Отдельные правители Касимова получали еще и дополнительные земли в вотчинное владение, в том числе и в Подмосковье. Близость к столице зависела от складывавшихся у московского правительства отношений с очередным касимовским властителем. Умершего около 1627 года Арслана сменил его сын, царевич Саид-Бурган, который в 1655 году принимает православие под именем Василия. Среди его вотчин находится и село Волынское на Сетуни.
Василий Арсланович правил Касимовом более полувека и умер в 1679 году. После его смерти касимовские земли, как и остальные владения, перешли по решению правительства царя Федора Алексеевича к престарелой матери покойного, Фатиме-Султан, и трудно сказать, кто именно — отец или бабка — выдает замуж одну из касимовских царевен, или, как их тогда уже стали называть, княжен, Домну Васильевну. Стала Домна Васильевна женой вдового князя Юрия Яковлевича Хилкова, в будущем генерал-майора петровских войск. Волынское вошло в приданое Домны и после ее смерти стало собственностью Хилковых.
Если сам Ю. Я. Хилков особыми заслугами не выделялся, то его брат относился к числу наиболее ценимых Петром помощников. После обучения мореплаванию и кораблестроительному делу А. Я. Хилков был направлен русским резидентом в Швецию и сразу обратил на себя внимание своей образованностью, знанием дипломатического протокола и еще тем, что сумел сказать шведскому королю приветственную речь на итальянском языке. Только первоначальный благоприятный прием ни в чем не смягчил последующей судьбы дипломата: после объявления Петром I войны шведам А. Я. Хилков был арестован и последующие восемнадцать лет провел в плену. Шведы не согласились на его обмен даже в 1711 году, когда получило свободу большинство русских пленных. Он так и умер в Швеции в 1718 году, до конца пытаясь быть полезным Петру — сообщая ему наблюдения над шведами и их действиями. Уважение к образованности и широкому кругу интересов А. Я. Хилкова было так велико среди современников, что долгое время ему приписывался фундаментальный труд «Ядро русской истории», в настоящее время считающийся произведением его секретаря Алексея Маккиева.

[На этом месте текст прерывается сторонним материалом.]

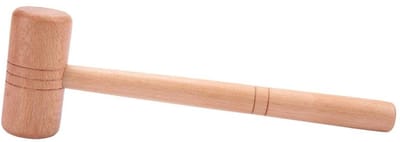 Dailygoods- Houten Hamer - Handgereedschap voor Sieraden - Reparatie Hamer - Lange Handgreep - Hamerkop van Hout - Afmetingen 25 x 8 x 3,5 cm - Sieradenhamer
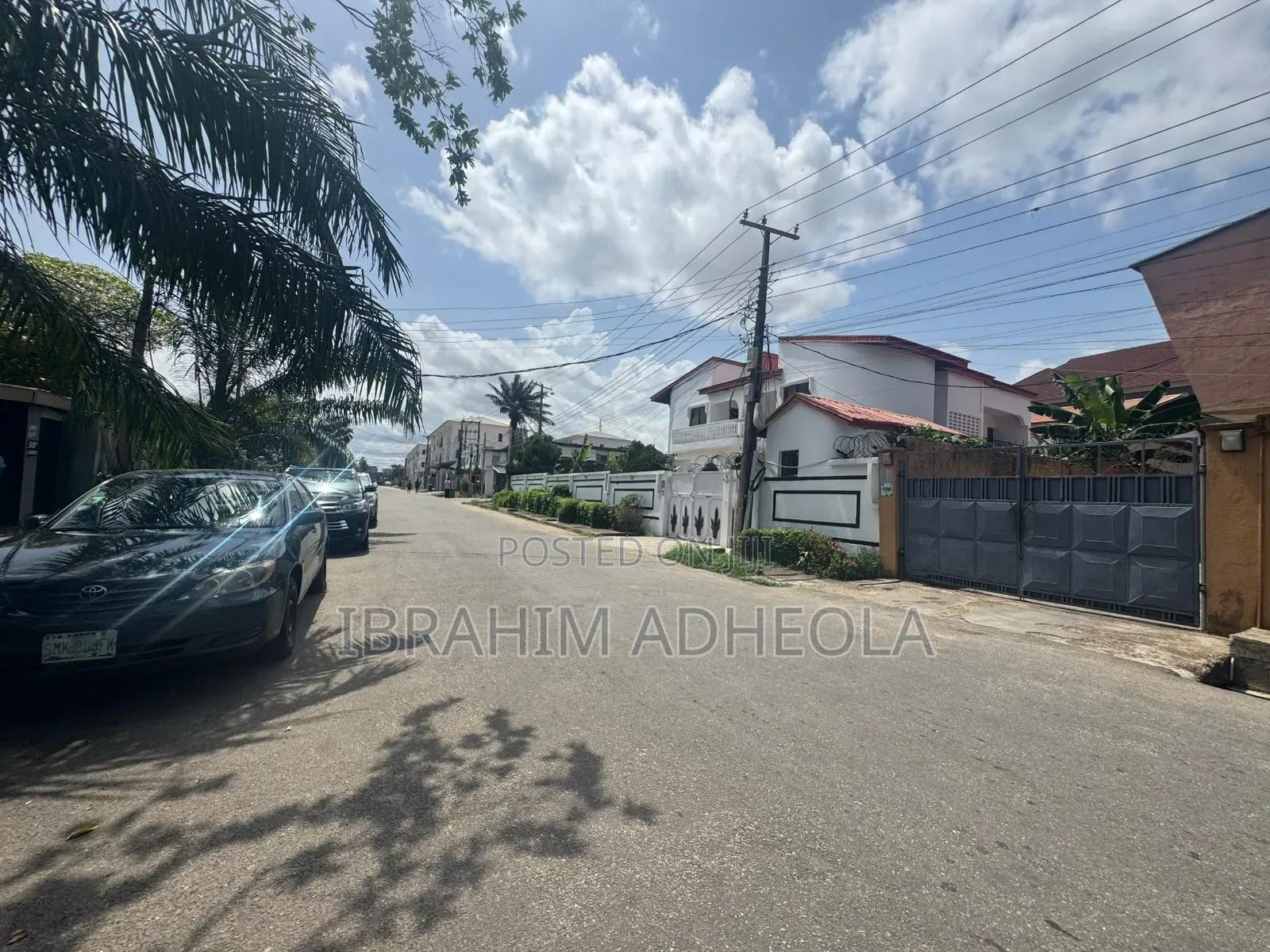Land Measuring 1117sqm ( 24m by 45m) With 2units of 4bedroom Semi D in Opebi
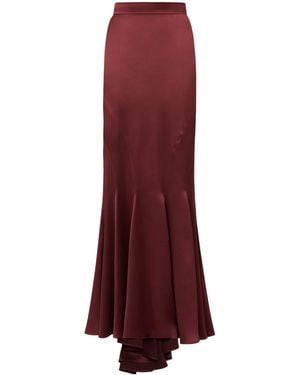 Max Mara Silk Maxi Skirt - Red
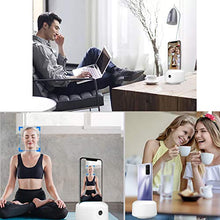 Load image into Gallery viewer, Auto Tracking Smart Shooting Holder【NO APP Required】 360°Rotation Auto Face Selfie Stick, Suitable for Phone, Tablet - Cell Phone Camera Mount for Tripod Stand - Idea for Live Streaming, Live Video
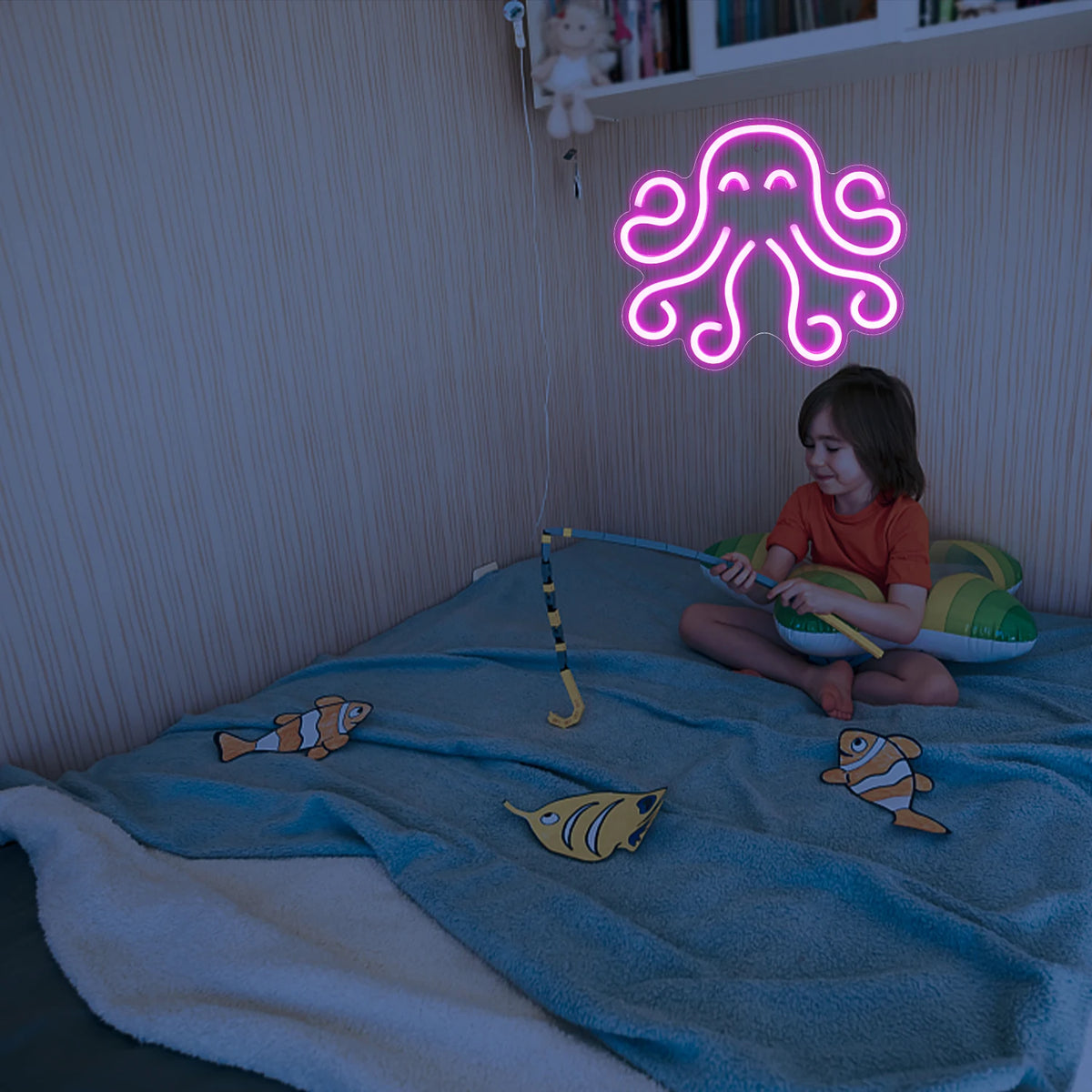 Mustekala – LED-neonkyltti (5 V USB)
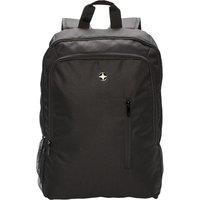 Swiss Peak Men's Business 15L Laptop Backpack in Black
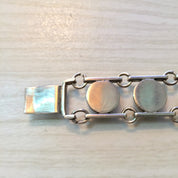 Vintage Sterling Silver and Turquoise Bracelet | Silver Link Bracelet | Turquoise Jewelry | Vintage Jewelry | Holiday Gift Idea |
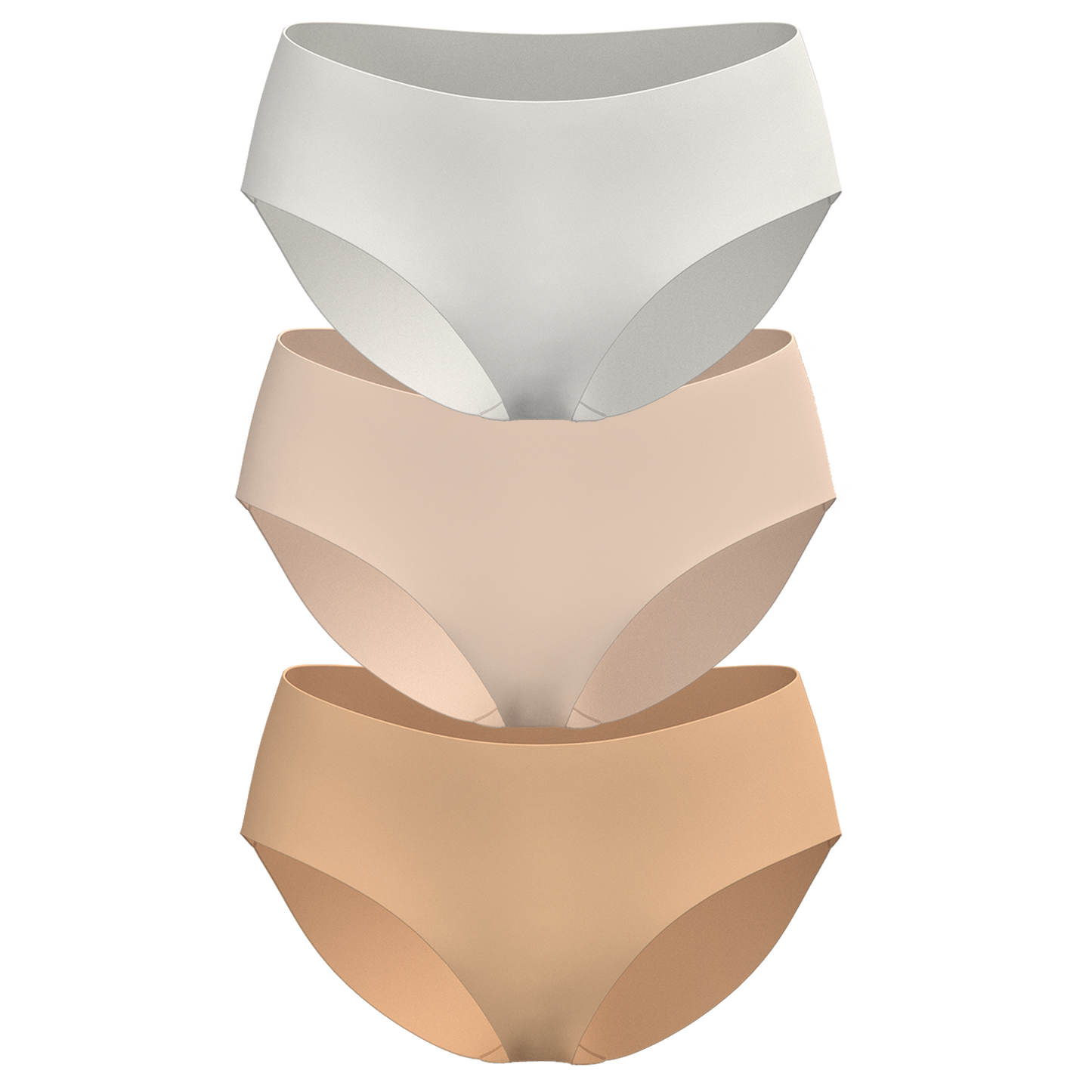 Mid Rise Bikini 3 Pack [Light Neutrals]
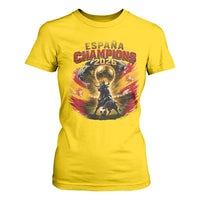 Espana Champions 2026 T Shirt For Women Spain Football Fan Spanish Bull Graphic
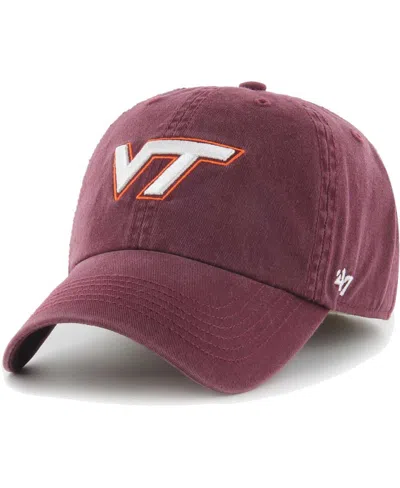 47 Brand Men's ' Maroon Virginia Tech Hokies Franchise Fitted Hat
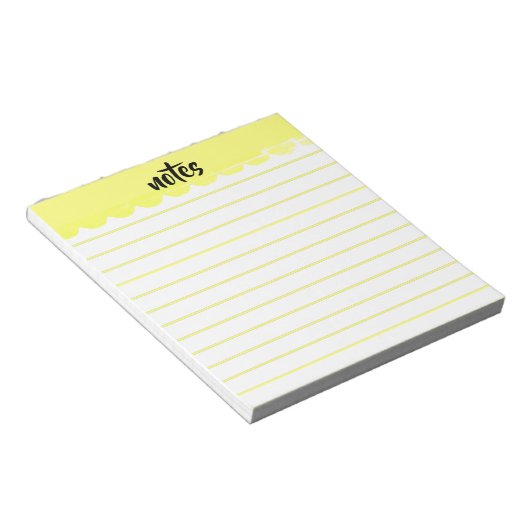 gele schelp notitieblok (Schuin)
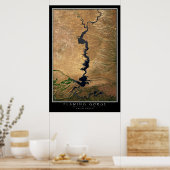 Flaming Gorge National Recreation Area Satellite Poster (Keuken)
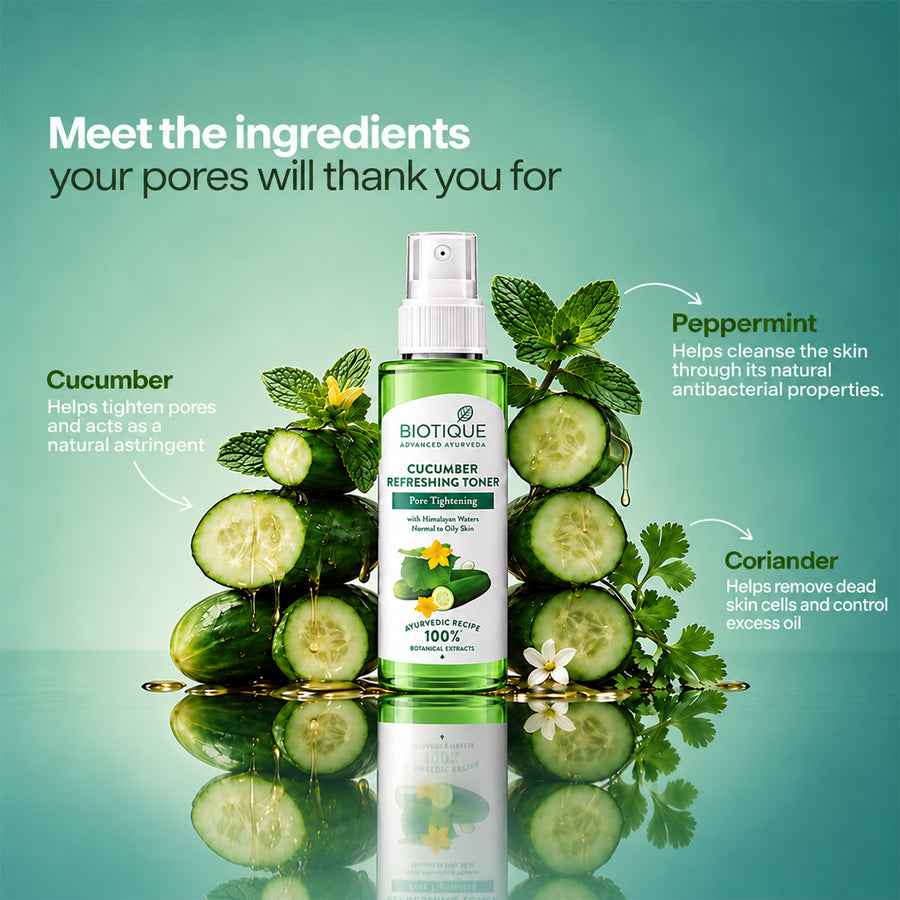 CUCUMBER Pore Tightening Refreshing Toner - 200ml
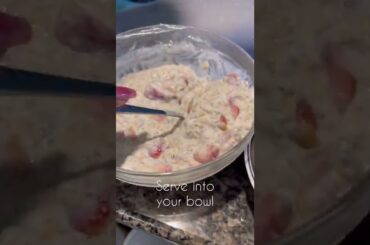 Overnight soaked oats breakfast || easy and healthy recipes || USA vlogs || Payana with Nayana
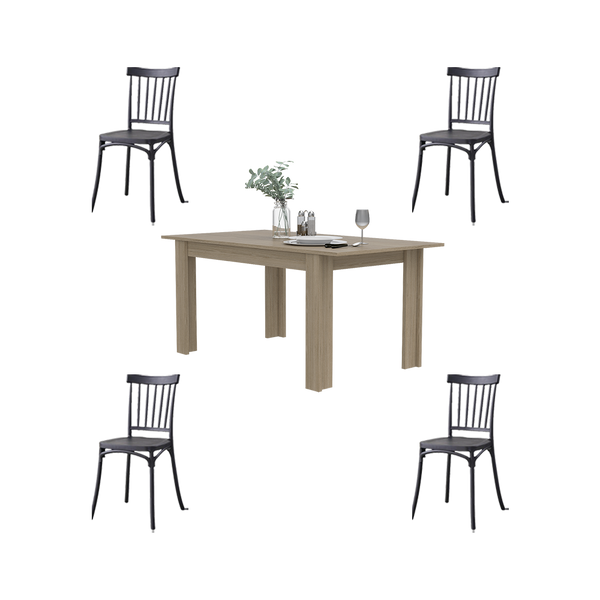 Combo Comedor Deri , Incluye Comedor y 4 sillas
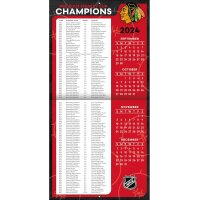 NHL - Blackhawks de Chicago - Calendario murale d&eacute;quipe 30,5 x 30,5 cm 2025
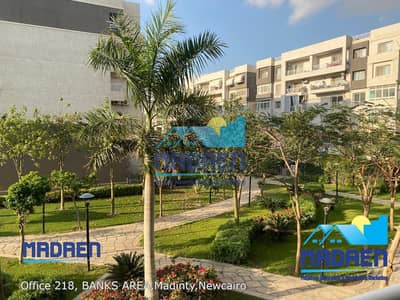 For sale in Madinaty, an 78m apartment in b10 with wide garden view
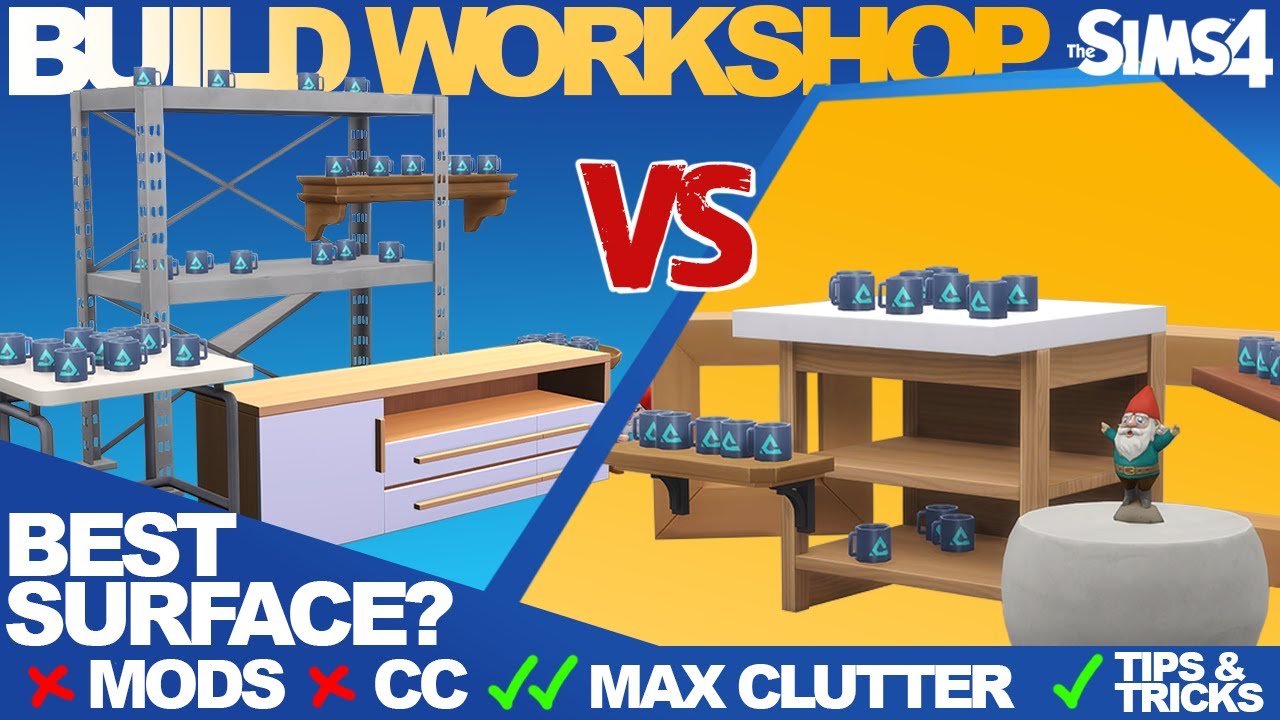 The BEST and WORST Clutter Surfaces | The Sims 4 Building Tutorial | No Mods/CC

Мало чем уступая брату в образованности и также пользуясь доверием Петра, Ю. Я. Хилков, вполне естественно, мог обратиться к зодчему, близкому к царской семье, точнее, к семье Нарышкиных, сооружая церковь в Волынском. В 1729 году, после смерти отца, благоустроенное поместье вместе с новой церковью перешло к единственной дочери Домны Васильевны Касимовской — Прасковье Юрьевне, по мужу Долгоруковой. Но все это были сравнительно поздние страницы истории Волынского, первые сведения о котором уходили в глубину веков.
Если не самое начало села, то, во всяком случае, его название восходило к князю Дмитрию Михайловичу (иначе — Алибуртовичу) Боброку-Волынскому, сыну литовского князя на Волыни Кориата Михаила Гедиминовича. Был Боброк-Волынский духом беспокоен и неуживчив. Отважный и умелый воин, он оставил родную Волынь и сначала стал тысяцким у такого же, как он, воинственного и непокорного нижегородского князя Дмитрия Константиновича. Нижегородский князь мечтал о московском столе и в течение трех лет, в 1360–1363 годах, дважды получал великое княжение, отнимая его у московского Дмитрия Ивановича, будущего Донского. Отнимал, a потом добровольно от собственных посягательств отказывался, занятый постоянными сражениями с грабившими его земли кочевниками. Ничьей помощи по-настоящему не искал, разве что сам, один на один, пытался миром договориться с ханами, предавая не раз интересы Москвы. Потому и не вышел со своим войском на Куликово поле, потому принимал у себя со всяческими почестями посла хана Тохтамыша во время нашествия последнего на Москву.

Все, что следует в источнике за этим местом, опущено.